History
In the 1950s, Moore briefly owned a gas station in Los Angeles.[12] The smog in the city influenced Bob and his wife Charlee to sell the station, and move to Mammoth Lakes, a small resort town in the mountains about 300 miles (480 km) north of Los Angeles where he opened a second gas station. After its failure, Moore was forced to move his family into an empty rental property owned by their minister.
Moore worked in the hardware department of a Sears store located in Sacramento and was a manager at a J.C. Penney auto shop in Redding. He subsequently bought a five-acre goat farm where he and Charlee raised their sons. He and his sons sold milk and eggs locally. Charlee began experimenting with baking whole grain bread.[13] Moore's drive for healthier foods started with his father's death of a heart attack at age 49, and his wife's grandmother's healthy eating obsession.[14]
In the 1950s, he discovered a book called John Goffe's Mill by George Woodbury at a local library.[15] It details how an archeologist rebuilt a New Hampshire flour mill and went into business with no prior experience. He began experimenting with stone-ground flours in the mid-1960s after reading.[13][6] Stone grinding, largely abandoned when the flour industry moved to steel grinding burrs, used quartz millstones operating at lower temperatures, blending the germ, its oil, the bran, and the endosperm.[11] By this point, the Moore family had adopted a back-to-basics diet that included whole grains.[16]
He purchased millstones dating back to the 1880s from a company in Fayetteville, North Carolina,[17] which sat for a few years until 1974, when Moore, his wife, and two of his three sons started Moore's Flour Mill, in Redding, California.[13][18] The mill was converted from a Quonset hut.[17]

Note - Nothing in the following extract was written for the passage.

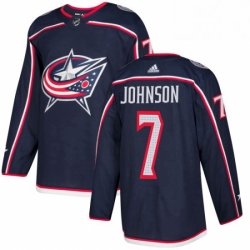 Mens Adidas Columbus Blue Jackets 7 Jack Johnson Premier Navy Blue Home NHL Jersey 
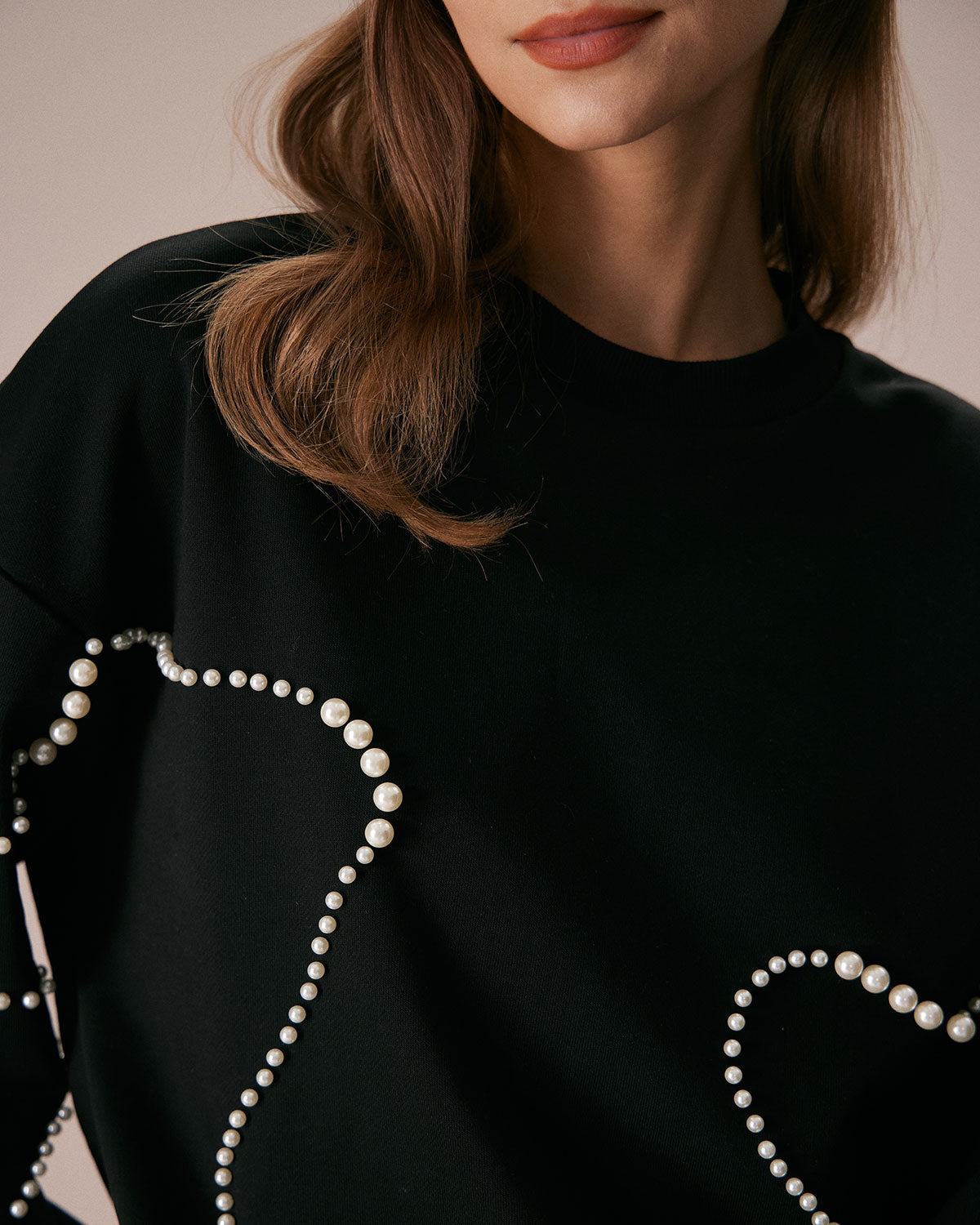 The Black Crew Neck Pearl Sweatshirt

After four years, Bob and his wife retired from the Redding Mill and left his sons to run it.[19] That mill still produces some products under contract with Moore's current company.[18]
Bob's Red Mill
The Moores moved to Portland, where Bob attended a seminary to study the Bible for several months.[19] Bob found a commercial flour mill in Oregon City that was for sale, painted it red, and went back into the flours business.[19] Moore bought millstones from the closed Boyd mill near Dufur, Oregon.[20] He acquired other stones from old mills in Indiana and Tennessee.[11] Bob's Red Mill Natural Foods went into business in 1978 and began producing stone ground flours and cereals for the local area. The product was sold direct through his store until he made a deal with the Fred Meyer grocery stores to carry his products.[13]